En el consulado español los solicitantes y los empleados eran todos blancos y daban voces pavoneándose con chulería: una señora informó al empleado y a todo el que tuviera oídos para oírla que quería completar el trámite de la nacionalidad porque era hija de españoles exiliados, porque su papá era español, porque sufrieron mucho, porque sus abuelos también eran españoles, porque ella era escritora y para ello lo mejor era España (?); la cónsul se paseaba por todas partes barajando hipótesis para explicar la muerte de Paulette, una niña rica y discapacitada que no pudo menos que acaparar la atención de un país como este (o como aquél) con tan claro sentido de las prioridades (o serán jerarquías) mientras se acumulaban solicitantes en las ventanillas; un individuo no escatimó esfuerzos para que todos los presentes nos enteráramos de que tenía la doble nacionalidad al igual que sus sobrinos; una empleada recibió encantada a un niñato recién llegado luego de preguntarle por su madre y luego de que éste le explicara las dificultades que tenía en decidir si viajaba con su novia o mejor se iba solo.
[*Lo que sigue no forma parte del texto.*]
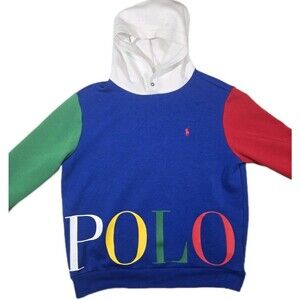 Mens Polo Ralph Lauren Pullover Hoodie Colorblock Large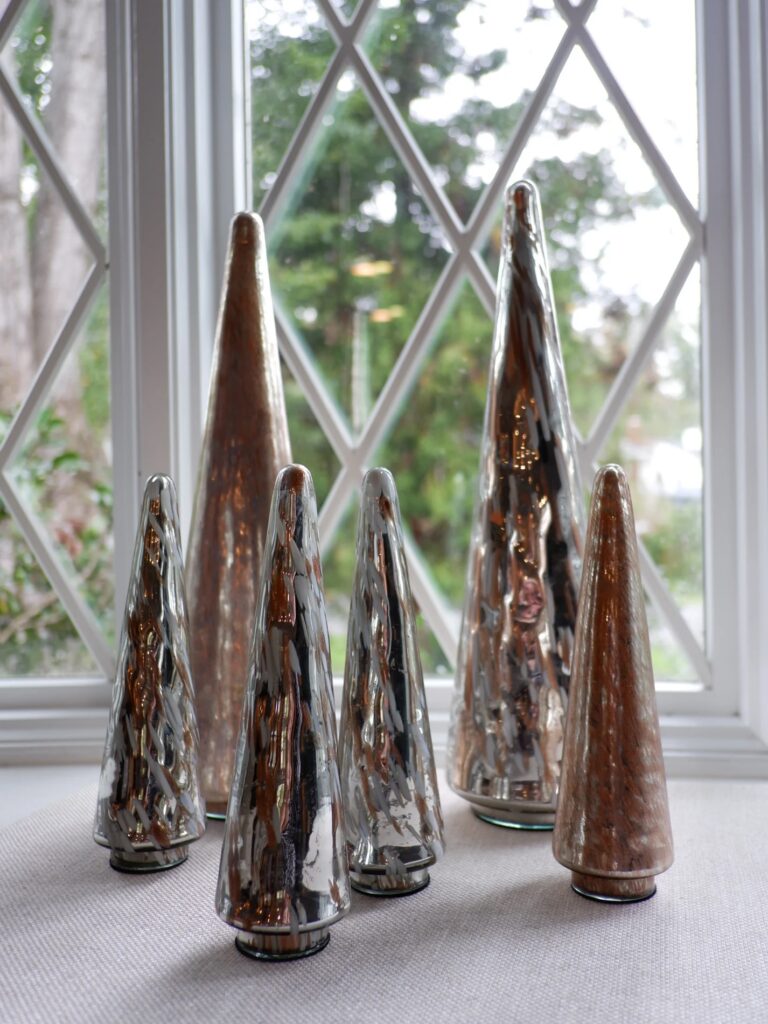 mercury glass table top holiday trees. laura hooper design house.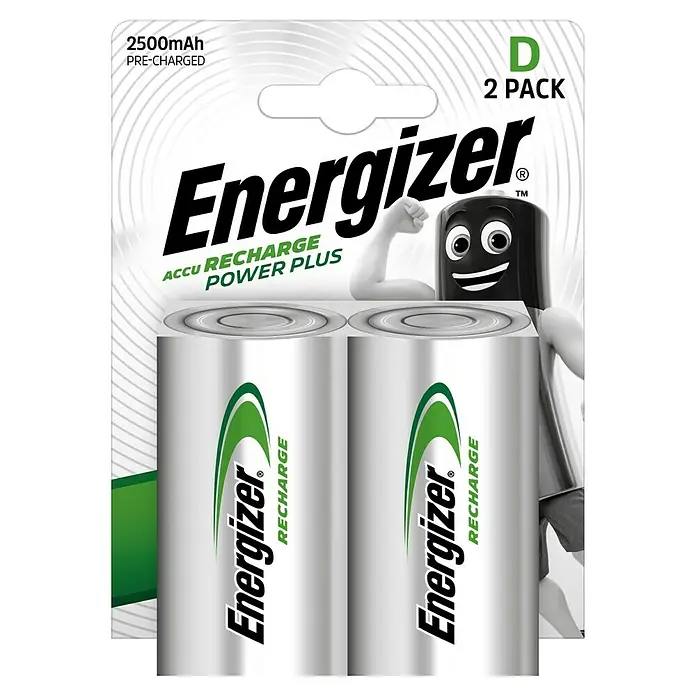 Energizer Rechargeable PowerPlus Akku - 2.500 mAh, Mono D, 2 Stk. - Abbildung einer 2er-Packung Energizer D-Akku-Batterien mit 2500mAh und dem Energizer-Hasen.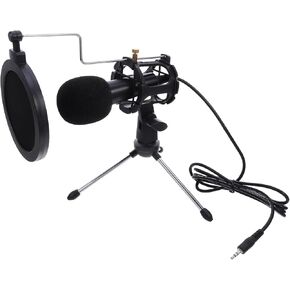 TEHAUX Condenser Microphone 3.5mm PC Mic with Tripod Shock Mount for Podcast Gaming Streaming Desktop Recording in Saudi Arabia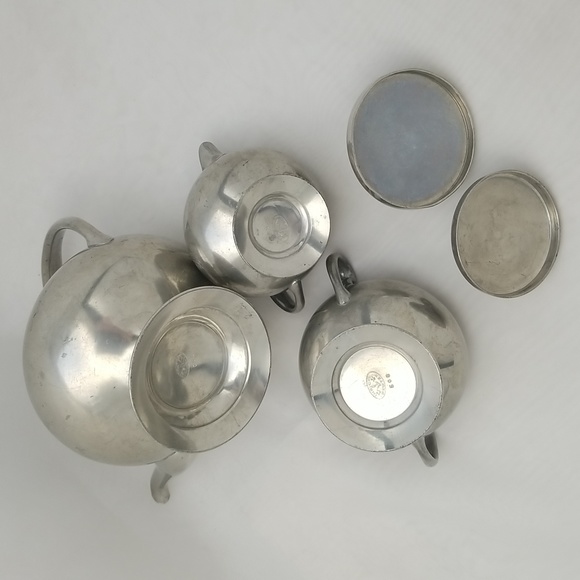 Art Deco Insico Pewter Tea Set - Picture 4 of 16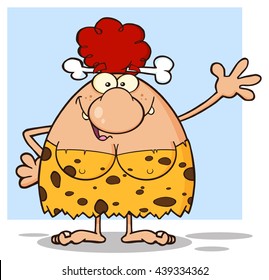 Happy Red Hair Cave Woman Cartoon Mascot Character Waving For Greeting. Vector Illustration Isolated On White Background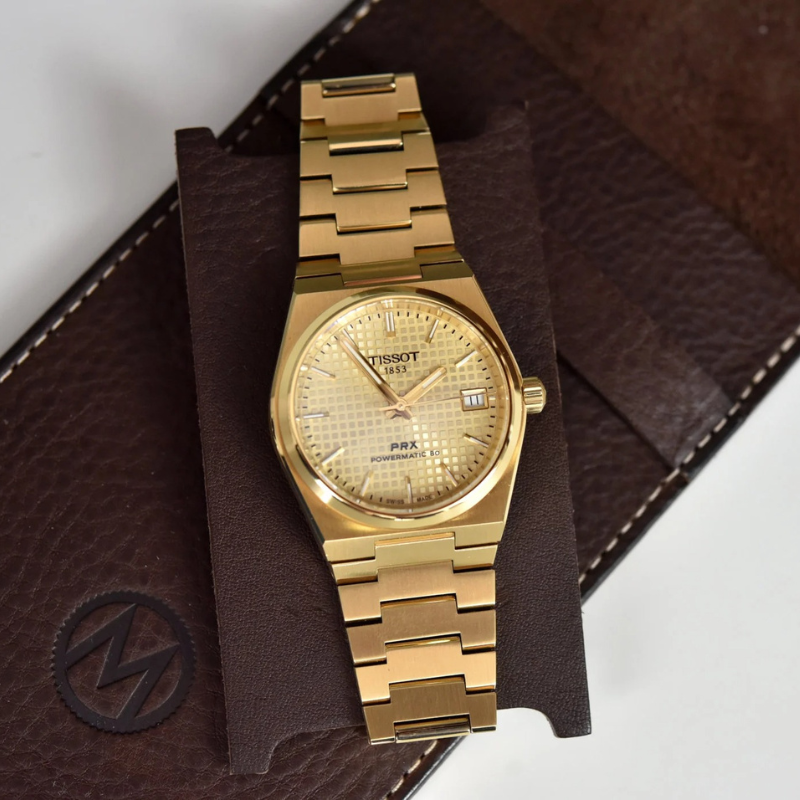 Tissot PRX Powermatic 80 Gold Dial Gold Steel Strap Watch for Men - T137.207.33.021.00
Una verbena, pues, una fiesta el consulado aquel.
Por fin llegó mi turno con un feminoide de pelo relamido, ojos bizcos y gesto de asco, un retardado recién salido de un cuadro de Velázquez, que desconocía los requisitos del visado y era incapaz de leer documentos. Hubo que explicarle que tal papel sí se solicitaba y que tal otro no. Hubo que decirle que ahí donde decía resultados de laboratorio estaban los resultados de laboratorio (principio de identidad). Hubo que acceder a pagarle en moneda nacional lo que en el formulario se pedía en euros y que yo ya llevaba como tales, amén de soportar la peregrina explicación de que así se hacía porque "el tipo de cambio variaba mucho"(!). Y a la pregunta de cuánto duraría el trámite hubo que aceptar una respuesta a otra pregunta: "No depende de nosotros", dijo.
Asqueado salí a la calle, me alejé con rapidez. "La puta madre patria que nos parió", maldigo mirándome el ombligo.